China's Purchasing Managers' Index (PMI) for the manufacturing sector fell to 50.6 per cent in April from 50.9 per cent in March, raising concerns over continued slowdown of the world's second largest economy.
The China Federation of Logistics and Purchasing (CFLP) said on Wednesday that it was the seventh consecutive month that the PMI figure stayed above 50 per cent, which demarcates expansion from contraction.
China's gross domestic product (GDP) growth fell to 7.7 per cent in the first quarter of this year compared to the 7.9 per cent growth in the last quarter of 2012 belying expectations of surge in the growth due to excessive liquidity and reforms by new leadership.
The April PMI showed that the foundation for China's economic recovery is not solid enough, Zhang Liqun, an analyst from the Development Research Centre of China's Cabinet said.
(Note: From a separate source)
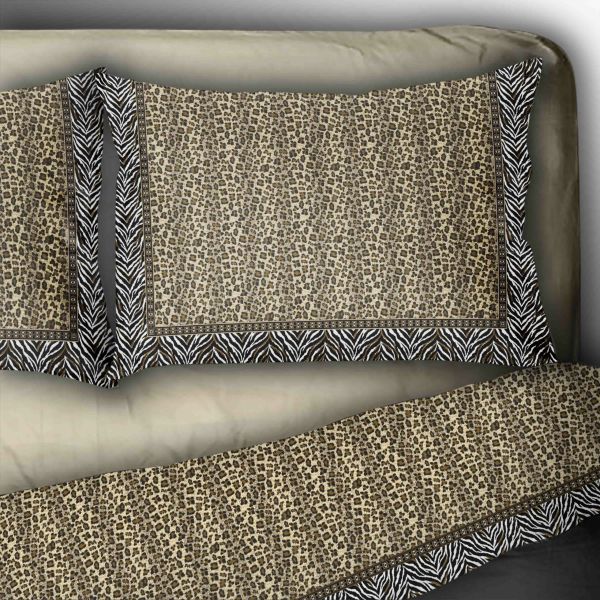 Completo Letto Leopardo Zebra Wild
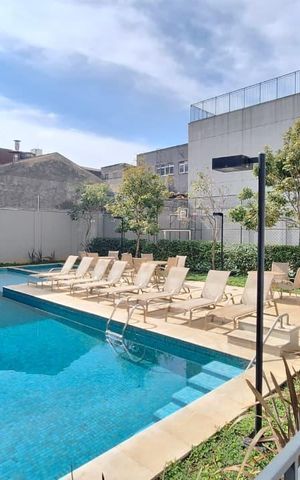 Apartamento para alugar com 34m², 2 quartos e sem vaga Apartamento para alugar com 34m², 2 quartos e sem vagaPiscina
The decline in orders caused the fall in the inventory level, and a sharp drop in the sub-index for purchasing prices of raw materials suggests the corporate confidence was undermined, Zhang said, stressing that efforts should be made to stabilise domestic demand.
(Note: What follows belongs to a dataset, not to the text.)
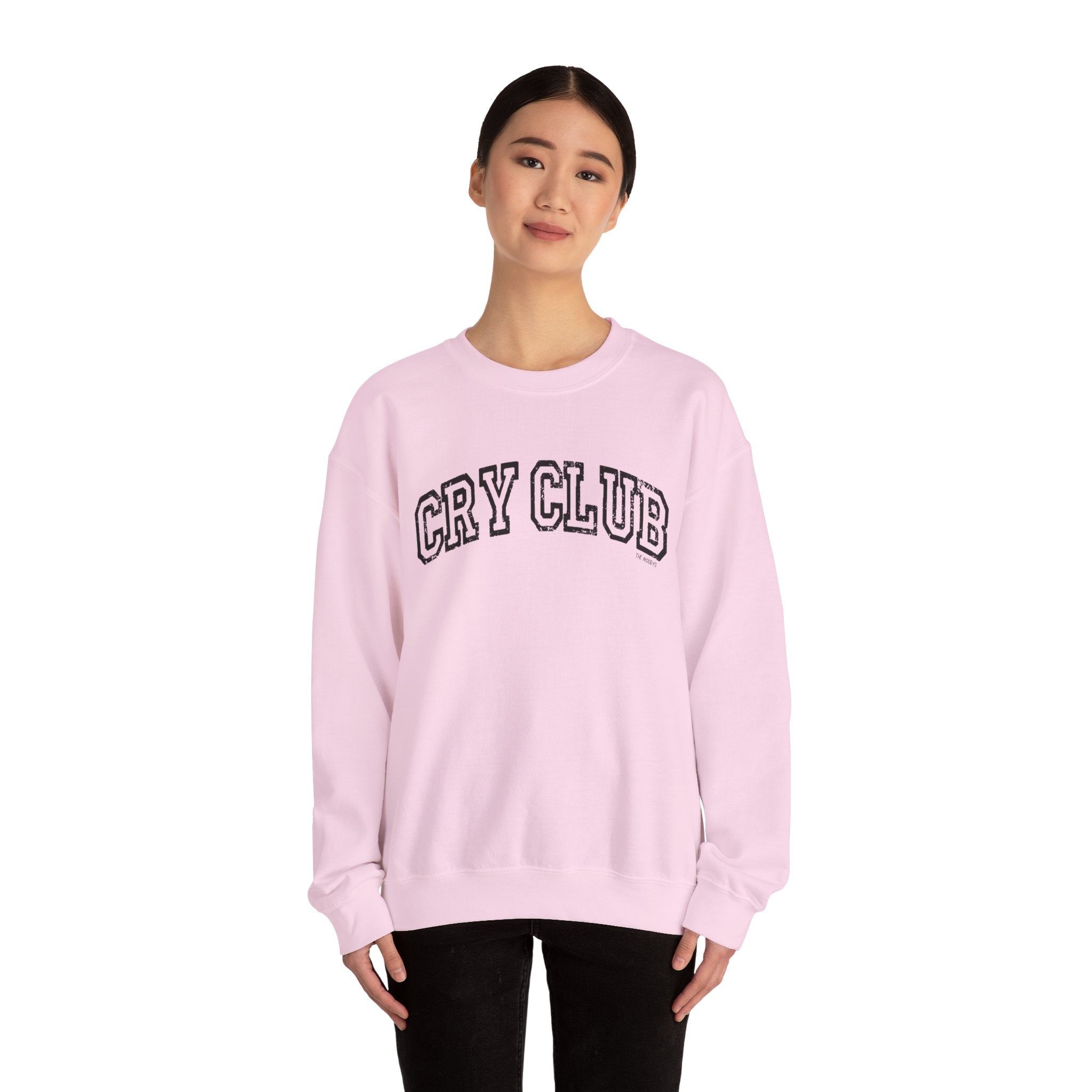 cry club crewneck sweatshirt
According to the CFLP, orders received by manufacturers dropped in April, as the sub-index for new orders edged down 0.6 percentage points from the previous month to 51.7 per cent.
The sub-index for purchasing prices of raw materials tumbled 10.5 percentage points to 40.1 per cent, the first reading below 50 after the sub-index stayed above the demarcation level for seven consecutive months, state-run news agency Xinhua reported.
The sub-index for finished goods inventories moved down 2.5 percentage points from the previous month to 47.7 per cent, while the sub-index for production shrank slightly by 0.1 percentage points to 52.6 per cent.
The sub-index for raw materials inventories remained flat at 47.5 per cent in April, the CFLP statement said.